Дом уже был окружен. Я сказал Павлику:
— Иди как арестованный.
Павлик шел в трех шагах от меня, заложив руки за голову. Этому жесту его обучили в лагере. Мы уже отошли шагов на сорок от домика, когда я наткнулся на тело Монастырева. Вероятно, он пытался бежать и погиб под пулями.
Раненый немецкий солдат вскочил с пенька и выстрелил в Павлика. Мальчишка упал, не крикнув. Солдат захохотал, показывая на свою перевязанную голову:
— Это они сделали!
Мне стоило огромного усилия опустить автомат.
— Куда их водить? — примирительно сказал солдат.
У меня перехватило горло, и все-таки я помнил, что сейчас я должен вести себя как немец.

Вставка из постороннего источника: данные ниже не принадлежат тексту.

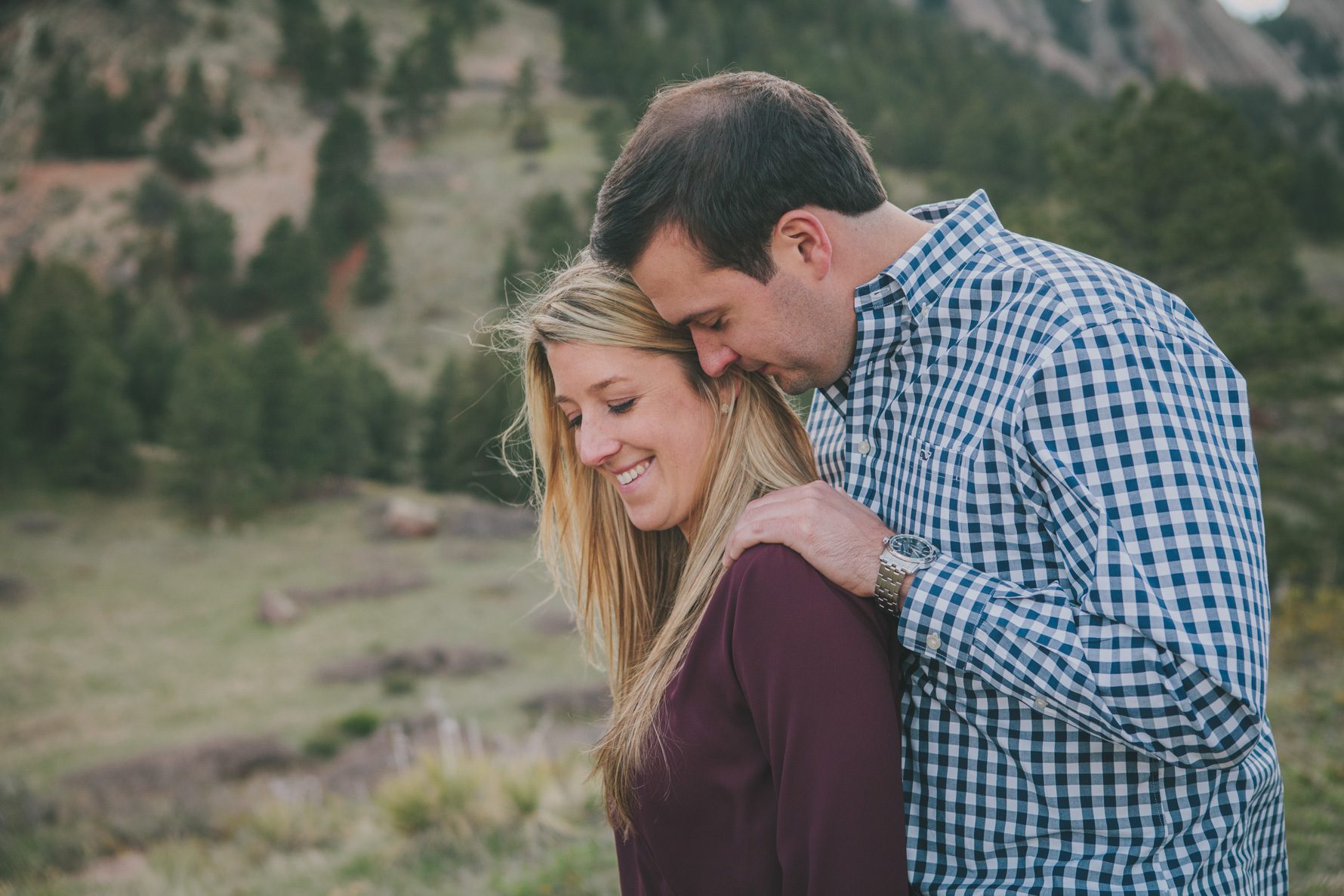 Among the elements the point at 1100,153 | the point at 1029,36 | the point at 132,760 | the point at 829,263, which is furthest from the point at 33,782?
the point at 1029,36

Я выругался и оттолкнул его, может быть сильнее, чем следовало. Фельдфебель позвал меня:
— Эй, ты! Чего стоишь? Из какого взвода?
Я ответил, что мне нужно помочиться, и стал за дерево.
Фельдфебель махнул рукой и ушел в сторону дома. Никто не наблюдал за мной. Я беспрепятственно вошел в лес.
Снова один. Среди врагов и сам в немецкой форме. Петро умер. Все умерли. А я иду между деревьями, слышу голоса издалека. Что это за голоса? Который час? Какое число? Двадцать третье февраля — День Красной Армии!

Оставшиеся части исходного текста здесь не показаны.